In dealing with this question a young priest is to consider more than his flock. Priests on the foreign mission live community life, in hourly contact with each other. You cannot realise the agony a man inflicts on others by coarse or unpolished manners. The toil of a priest's day is severe, but the hardest day is mere summer pastime compared with the crushing thought of having to turn home to a boorish companion. This living martyrdom reaches its most acute stage when, in society, a man is forced to witness a brother priest expose the raw spots of his character to the vitriolic cynicism of the scoffer.

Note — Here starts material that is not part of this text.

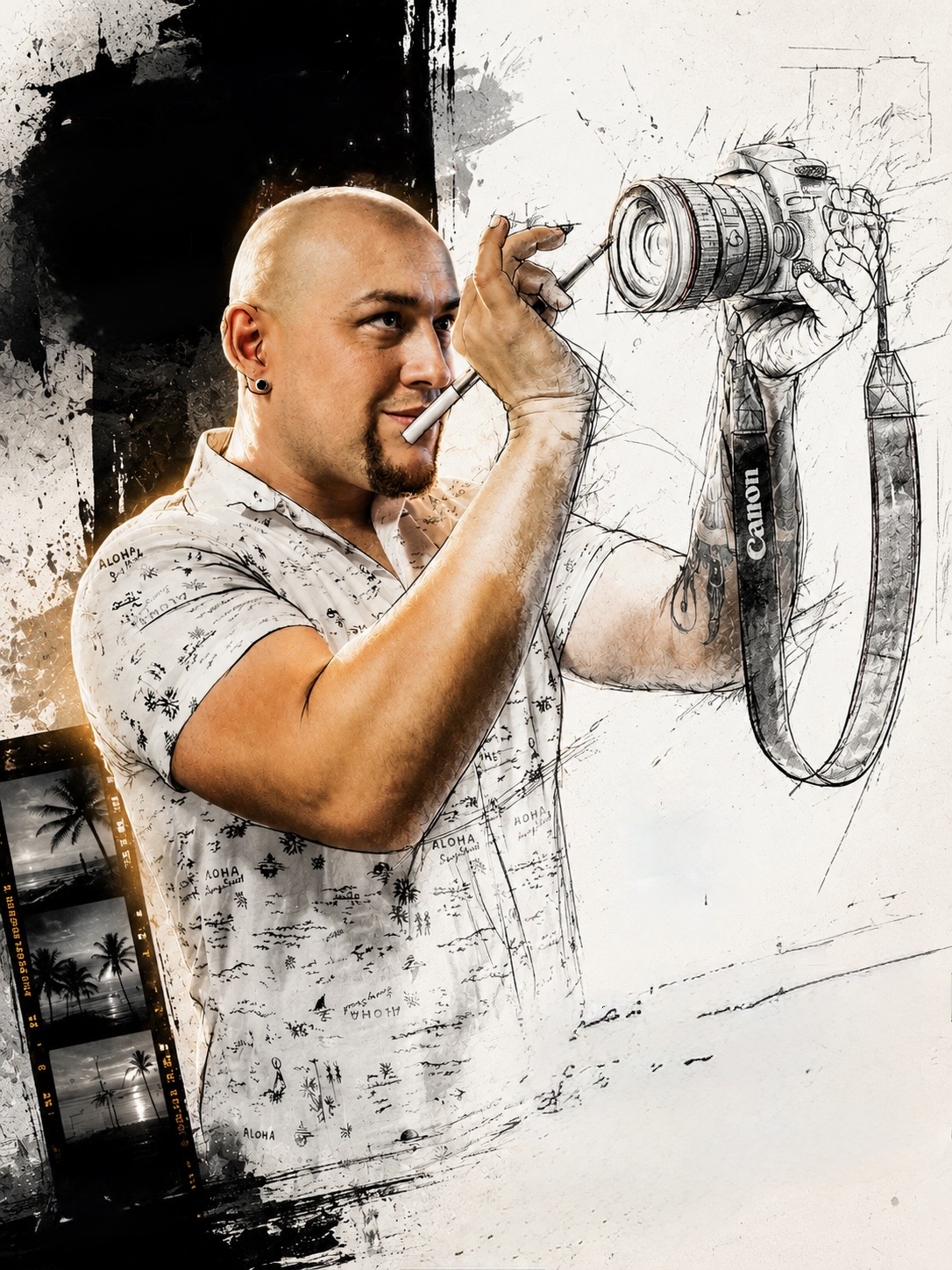 Person with a shaved head holding a camera, drawing on a wall, with a cigarette in mouth, in a creative space.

But the importance of this subject is by no means exclusive to the foreign mission. In Ireland, of late, a spirit of criticism has shown itself, often exacting even to fastidiousness; so far from time being likely to blunt it, everything points to the probability of its edge growing sharper with years. And the young Irish priest of the future who dares to trample on the canons of good taste need expect scant mercy.

To arms

My advice to all ecclesiastical students is—search and see if unmannerly ways are ingrafting themselves into your character. If so, give them no quarter. Master an approved handbook, and during the recreations raise discussions on details of good manners. Ask your friends candidly to point out your defects. It is far easier to be admonished by one friend whose correction is swathed in soft charity than await till a dozen sneerers send their poisoned arrows to fester in your heart. In correcting yourselves and asking your friends to admonish you, it will assist you to pocket your pride, to remember that three such weighty issues as the efficiency of your ministry, the honour of the priesthood, and the comfort of your future home will in a large measure be influenced by the degree of social culture you carry out of college.

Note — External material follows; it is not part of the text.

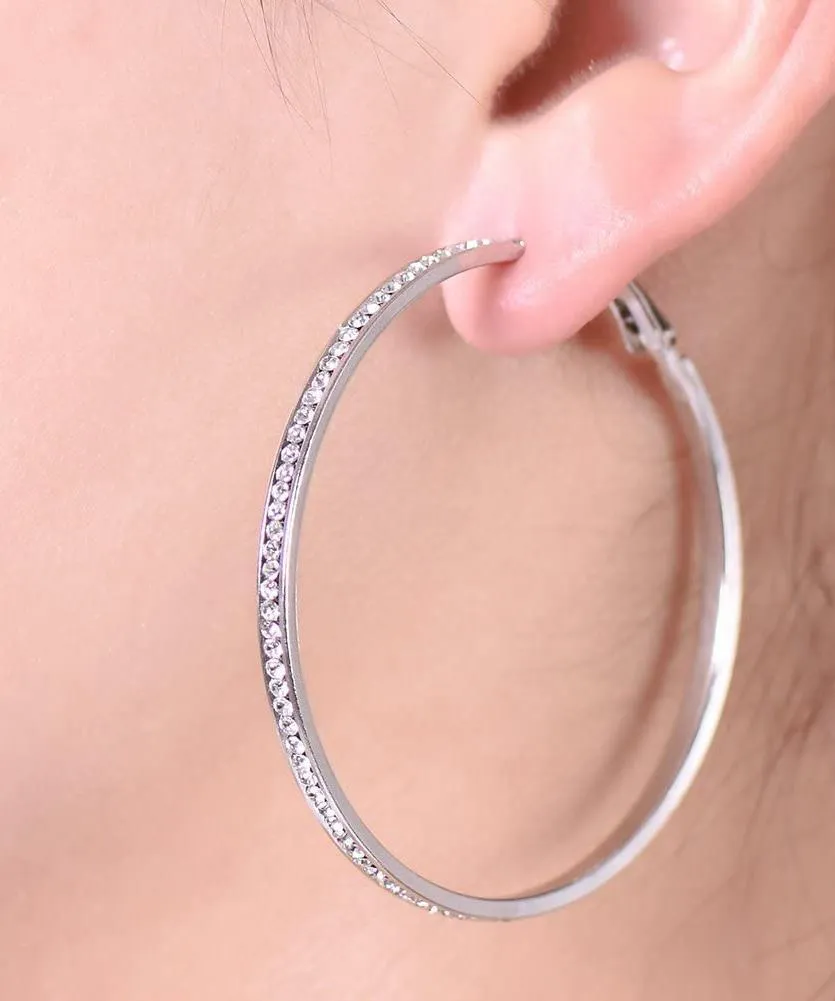 18K White Gold Plated Pave Hoop Earrings with Crystals - Hypoallergenic and Made in Italy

No man has greater need to fear than he who stands high in his class. When any habit becomes fixed it requires a high degree of humility and moral courage to root it out. But, intellectual pride, nourished by college triumphs, is up in arms. He scorns to be corrected or taught by a world he despises. Let me ask, did God give him these intellectual gifts for himself or as instruments by which to win souls back to their Father? The man who, rather than bend his own pride, allows his talents to become useless incurs an awful responsibility.

Stubbornly refuse to be corrected or to shape and polish your manners while in college, and one thing I absolutely promise you, with all the authority a long experience can give, that when you do go out from the college you will meet a master that will bend and break you. The roasting fire of the world's scorn will search the very marrow of your bones.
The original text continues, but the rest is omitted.